因果関係の「因果」とは仏教用語だといいます。まさにこの因果の因が自分であると悟った嫁は、一緒に「南無阿弥陀仏」と唱えようと、しゅうとに誘いかけます。その通りにしゅうとが唱えると、
<不思議や面は直ぐさま落ち>(吉崎御坊願慶寺『生信嫁威肉附面縁起』より引用)
手足の自由が利くようになったといいます。
この出来事がきっかけで、しゅうとも吉崎に参るようになります。話を聞いた蓮如は、末代への教訓として、鬼のお面を預かり、弟子の祐念坊に授けます。
この祐念坊が現在の福井県あわら市吉崎にある願慶寺を開き、「肉付きの面」として後世に伝え始めました。
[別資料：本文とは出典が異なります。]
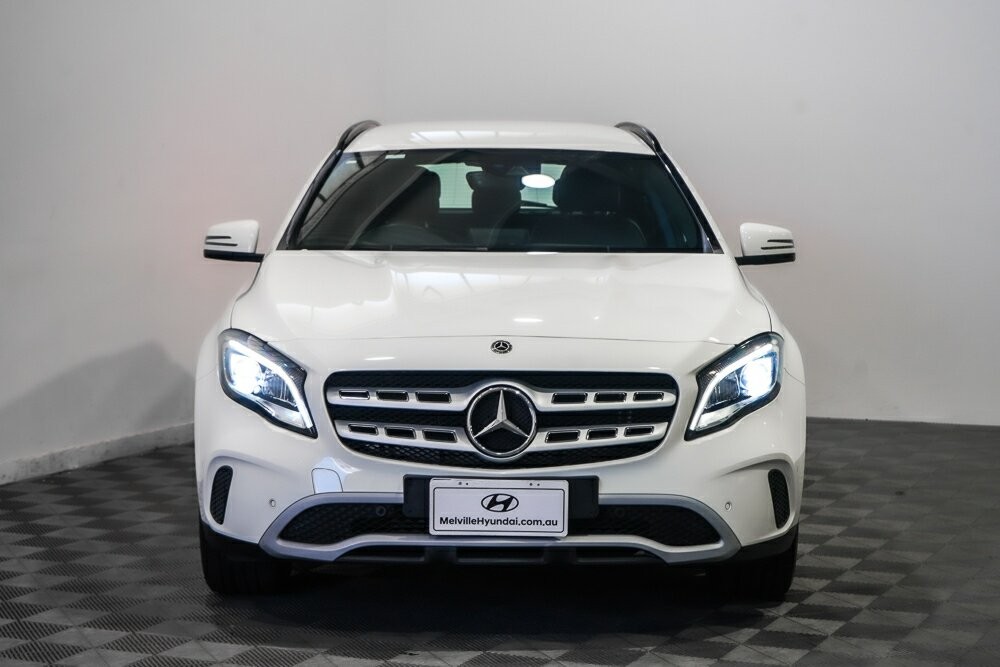 Mercedes Benz Gla-class image 3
まさにこのお面が、現存しているのです。
怖いもの見たさで集まった人たちが仏の教えに触れる
「肉付きの面」は、願慶寺で拝観を希望すれば、予約なしで観覧させてもらえます(拝観料500円)。拝観希望者に対し、住職がお寺の由緒、吉崎の歴史、浄土真宗の歴史、嫁脅し肉付き面縁起の話を伝えた後に、宝物を披露してくれます。
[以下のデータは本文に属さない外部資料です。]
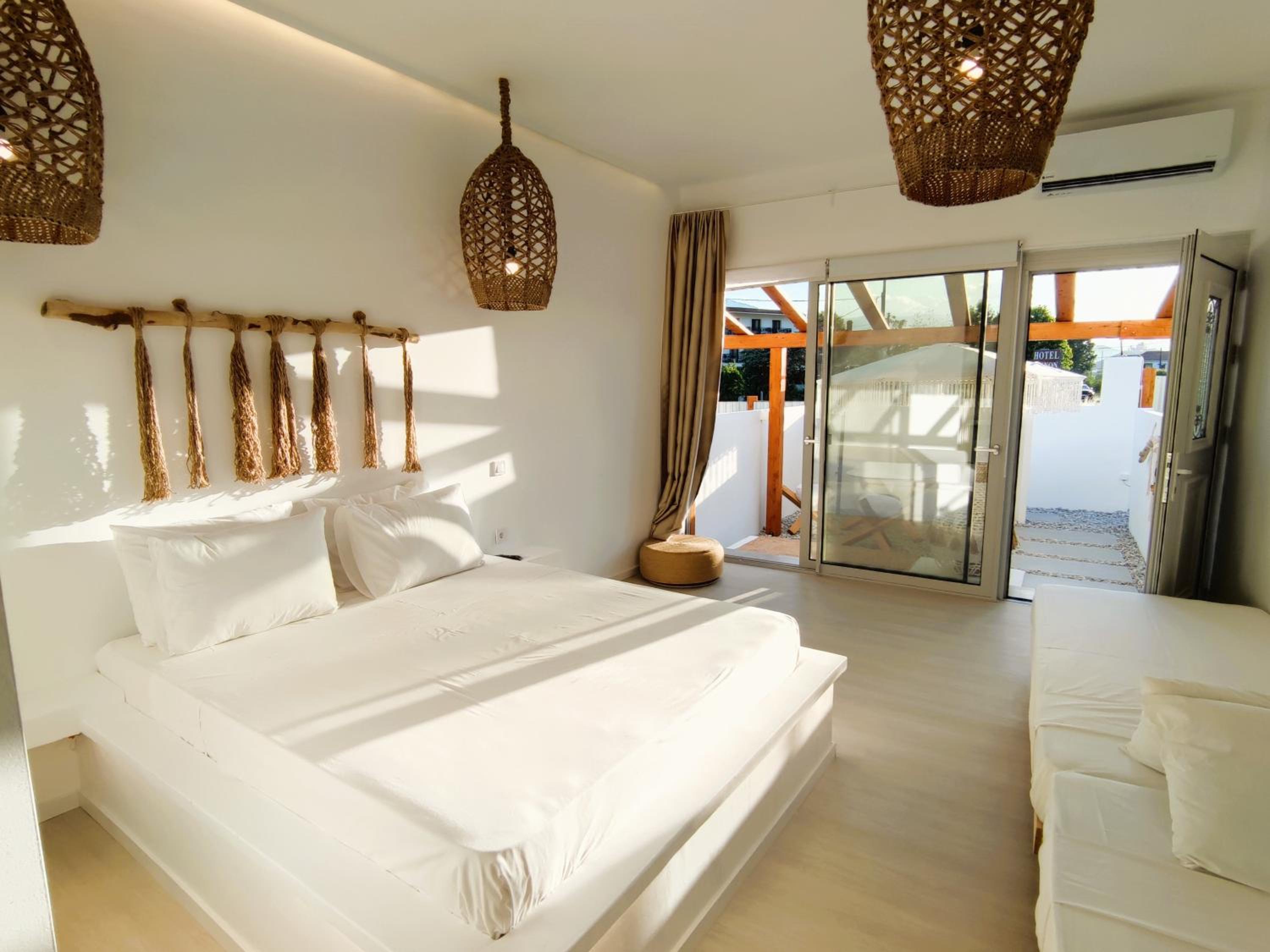 One-Bedroom Villa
この話のポイントは、怖いもの見たさで集まった人たちが、お面を通じて仏の教えに触れられる点にあります。
筆者が訪れた際には、ほかにも10人ほどの観覧希望者がいました。誰もが恐らく熱心な信者ではなく、怖いもの見たさで集まった観光客だったと思います。そのせいか、20~30代の若者も目立ちました。
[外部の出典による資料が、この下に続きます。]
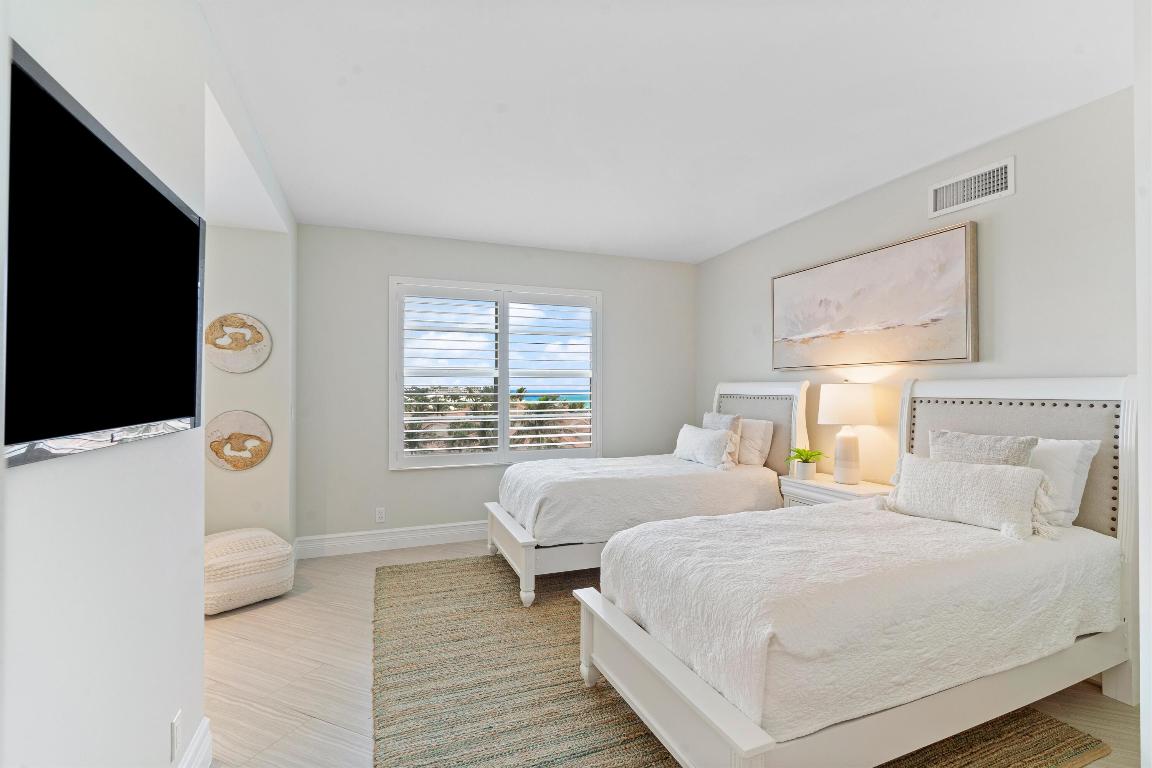 6665 N Ocean Boulevard B5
その観光客たちも、住職の軽妙な語りを聞いているうちに、嫁としゅうとという身近な話題を通じて、相手の話を聞く(聴聞の)大切さ、因果関係の話など、仏教の教えに考えを巡らせるきっかけを与えてもらえます。
そもそもこのお面は蓮如が、
<末代の見せしめにせよ>(吉崎御坊願慶寺『生信嫁威肉附面縁起』より引用)
と言って、弟子に託した宝物です。信仰心とは無縁の人たちの関心を引き寄せる格好の材料にもなるので、蓮如は弟子に預けたのですね。その辺りも含めて、蓮如という宗教家は人心を隅々まで知り尽くした人だと感服させられます。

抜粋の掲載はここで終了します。